The potential of AI systems and applications to enhance well-being, quality of life, and to stimulate economic growth is widely acknowledged. Projections suggest that integrating AI and automation could contribute an additional $170 billion to $600 billion annually to Australia’s GDP by 2030. Realizing these benefits does, however, require fostering trust to encourage the adoption of this technology, a trust which is currently lacking.

The Main Concerns Expressed in the Consultation

The submissions concerning risks associated with AI highlight both familiar challenges and new, emerging concerns. Traditional issues like bias, discrimination, and scams remain prevalent, often due to inadequate mitigation efforts. However, there is growing apprehension surrounding novel risks that current regulations do not fully address. The rapid development and deployment of AI raise concerns about the need for enhanced testing, transparency, and oversight to mitigate potential harms. Public unease is exacerbated by insufficient testing protocols and a lack of detailed understanding of AI system operations.

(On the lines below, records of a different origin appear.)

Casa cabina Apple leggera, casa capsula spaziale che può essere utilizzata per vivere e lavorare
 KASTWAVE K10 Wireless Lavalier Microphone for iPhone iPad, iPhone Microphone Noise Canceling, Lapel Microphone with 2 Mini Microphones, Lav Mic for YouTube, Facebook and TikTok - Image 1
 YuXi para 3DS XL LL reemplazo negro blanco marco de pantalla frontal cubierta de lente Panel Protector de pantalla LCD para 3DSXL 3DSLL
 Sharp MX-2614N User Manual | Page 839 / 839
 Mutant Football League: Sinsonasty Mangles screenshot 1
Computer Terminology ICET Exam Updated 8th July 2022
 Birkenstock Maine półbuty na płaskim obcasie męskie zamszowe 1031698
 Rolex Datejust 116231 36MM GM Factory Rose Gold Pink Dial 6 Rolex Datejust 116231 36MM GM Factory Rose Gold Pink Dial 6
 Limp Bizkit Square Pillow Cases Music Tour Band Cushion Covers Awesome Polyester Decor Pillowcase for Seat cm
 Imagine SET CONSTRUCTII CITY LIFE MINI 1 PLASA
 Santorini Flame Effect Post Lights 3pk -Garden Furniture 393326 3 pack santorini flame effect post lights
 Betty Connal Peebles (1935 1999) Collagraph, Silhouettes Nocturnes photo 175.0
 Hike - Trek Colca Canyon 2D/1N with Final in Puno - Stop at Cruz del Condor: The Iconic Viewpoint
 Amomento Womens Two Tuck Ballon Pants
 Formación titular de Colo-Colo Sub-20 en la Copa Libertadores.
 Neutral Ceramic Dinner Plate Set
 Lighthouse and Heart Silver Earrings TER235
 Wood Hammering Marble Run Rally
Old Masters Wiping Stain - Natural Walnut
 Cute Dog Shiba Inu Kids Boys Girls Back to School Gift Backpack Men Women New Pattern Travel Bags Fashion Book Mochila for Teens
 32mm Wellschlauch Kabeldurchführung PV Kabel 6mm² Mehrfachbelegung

The risks regarding which Australians raised concerns are broadly categorized into technical, unpredictability and opacity, domain-specific, systemic, and unforeseen risks. Technical risks include concerns about compromised outputs due to design inaccuracies, non-representative data, or biases in training data, leading to unfair outcomes, especially in critical areas like healthcare. Unpredictability and opacity arise from opaque AI systems that make it difficult to identify harms (black box issue), hinder error prediction, accountability establishment, and outcome explanation. Domain-specific risks involve AI’s exacerbation of existing harms or systems, such as the spread of online harms through deep fake pornography and the undermining of social cohesion through misinformation.

Systemic risks are highlighted, including concerns about highly capable and potentially dangerous frontier models and the broader accessibility and usability of generative AI models, which can lead to unprecedented harm at an unprecedented pace. Additionally, the rapid evolution of AI presents unforeseen risks, challenging regulatory frameworks to remain agile and adaptable without stifling innovation. Submissions stress the need for flexible regulatory approaches responsive to emerging risks, requiring governments to swiftly address evolving challenges while ensuring regulatory frameworks remain future-proof and adaptable.

Submissions by businesses call for amendments to existing laws and regulatory guidance, whereas individual consumers were more likely to prefer a dedicated AI act to tackle these issues. However, there was broad agreement among submissions that voluntary guardrails are insufficient, suggesting that mandatory guardrails should be targeted primarily at high-risk AI applications to facilitate innovation in low-risk areas.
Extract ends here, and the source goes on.